China’s mixed signals and ESG trade-offs

Asset managers predict continued growth of opportunities despite some disappointments at COP26 and a recent U-turn on coal


Christine Dawson

China’s choices around net zero and COP26 have kept the world on the edge of its seat, and investors have been keenly watching the nation’s direction of travel on climate.

But, overall, the view from the industry on China’s climate commitments seems to be one of disappointment and confusion. The nation’s leadership did not attend the UN conference in Glasgow, it refused to join an agreement to limit methane and when negotiating the COP pact China and India won a change of wording from coal “phase out” to “phase down.” Then China and the US unexpectedly declared they would boost climate co-operation.
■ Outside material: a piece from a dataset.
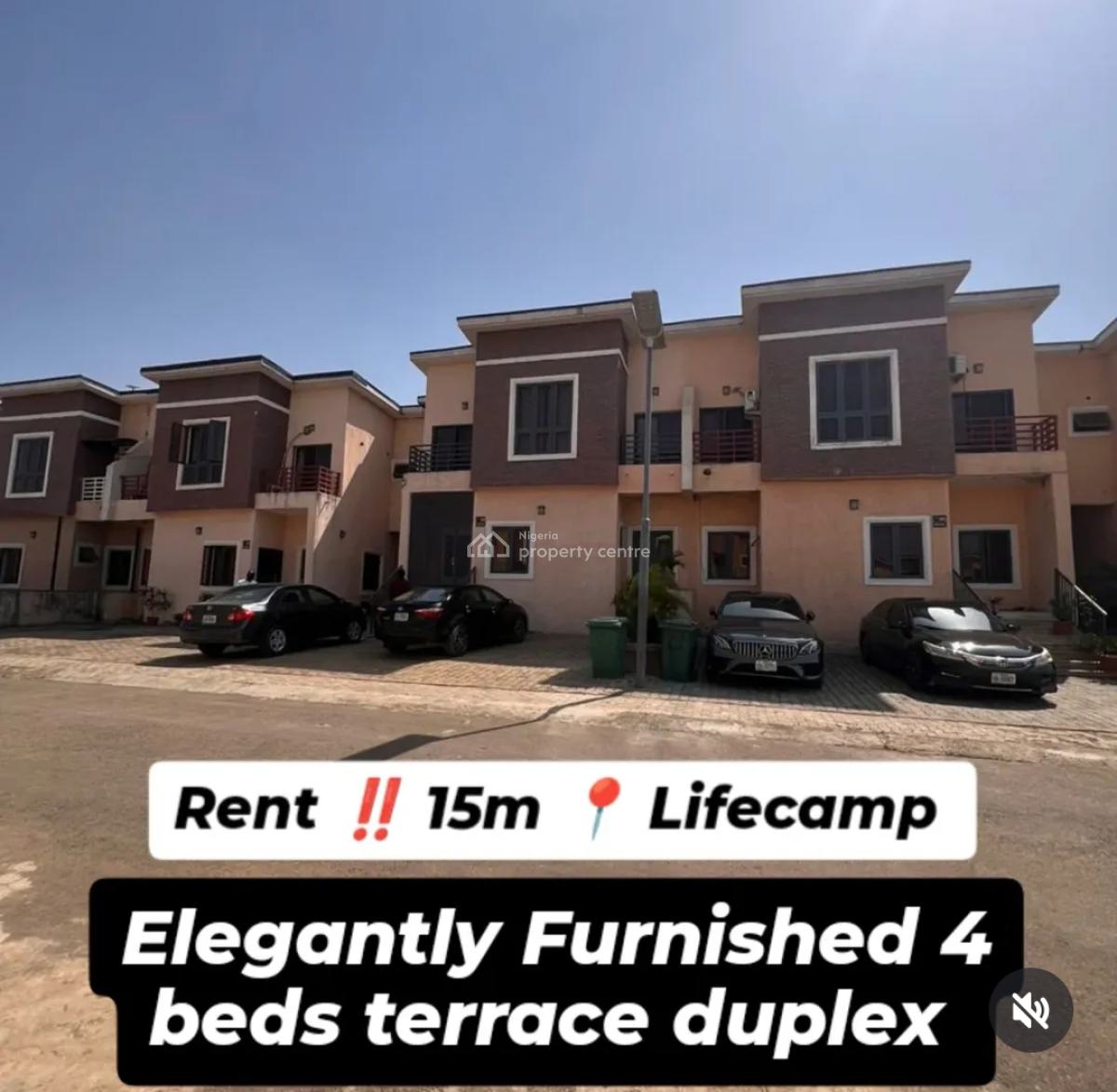 Furnished 4 Bedrooms Terraced Duplex, Life Camp, Abuja, Terraced Duplex for Rent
Despite the mixed signals in policy, the move towards the green transition in private finance in Asia continues; this week, Bin Yuan Capital announced it would become the first Net Zero Asset Managers Initiative signatory in China.

Reallocation of assets

Rong Ren Goh, portfolio manager, fixed income at Eastspring Investments noted Asia will be “meaningfully impacted” by financial services’ increasing alignment with net zero by 2050.

“The pullback of funding from carbon intensive projects, towards more sustainable activities will likely accelerate, particularly from larger emitters such as China and India. We will see a major reallocation of assets which will influence the behaviours of participants in this value chain, issuers and investors alike,” he said.

He cited opportunities opening up in renewables, electric vehicles (EVs), infrastructure, low carbon technologies and agriculture.

Eastspring itself, Goh said, will be supporting the green transition by developing a comprehensive range of Asia-focused ESG investment strategies.

Activist investors

Jake Nilsson, Federated Hermes head of APAC distribution, said he hopes progress on sustainable finance in the region will not begin and end with new products.

“Whilst we have seen an uptake from APAC investors into sustainable products, we would hope to see this increase and move a step further into strategies that would not only engage on all the portfolio holdings (which we already do) but will take more of an activist investor role if those engagement conversations are not delivered on within a reasonable time frame, something we could explore ourselves in the future,” commented Nilsson.  

ESG trade-offs

For investors looking to China and India’s insistence on rewording the coal phase out to a coal phase down, Alberto Matellán, chief economist at MAPFRE, said it is worth remembering that sometimes there is a necessary trade-off between social and environmental factors.

“As investors, we integrate both social and environmental issues at the same levels, like governments must do, and sometimes there must be trade-off between them.

“For example, there are certain regions or countries that would be much poorer than they are now if we remove every fossil fuel energy from that area. They simply do not have alternatives.

“In this sense, the Chinese and Indian governments may think that their societies are facing more urgent issues, and thus, paradoxically, committing to too ambitious climate goals would prevent them from improving their social wellness enough to reach them.”

Problems and solutions

Kathlyn Collins, head of ESG at Matthews Asia, is confident asset managers will continue to see plenty of opportunities for investing in environmental issues in China which is responsible for 27% of global carbon emissions.

“China needs to reform its energy mix, and drastically improve energy efficiency for industrial companies. Growing transition fuels like natural gas and the infrastructure that goes along with that are important. The country needs to promote green lifestyles, and ramp up its carbon capture/storage technology.

“Over the last decade, China spent twice more than the US on climate action and has greatly outpaced the US in terms of installed renewables capacity, but has still not been fast enough, so this will continue to represent a huge growth area, with opportunities in renewables, electrification etc. as the country transitions to a low-carbon economy.”

Stamping out coal

Collins took stock of China’s recently “upgraded” national climate plans in which it has now said it will reach peak carbon emissions before 2030, getting to 25% non-fossil energy by 2030 (up from the prior 20%) and no longer financing new coal power schemes overseas.

She said investors should look at how the country’s pledge to get to a low-carbon economy will play out in terms of technologies, industrial efficiency upgrades and daily life. Like Goh, Collins predicts further growth in green transport as China is the largest and fastest growing market for EVs – aiming for 40% of new vehicles sales to be electric by 2030.

With power generation and industry accounting for about 75% of the emissions in China, the head of ESG added a low-carbon economy in China can only be realized with less reliance coal power, or if the country becomes more services-driven. She commented that China is dominating the battery space and innovating more sustainable battery materials.

Collins precited China’s recent energy crunch and reversion to coal power would not be a barrier to the nation’s long-term climate goals, but was instead likely to speed up the adoption of new technologies in its low-carbon transition.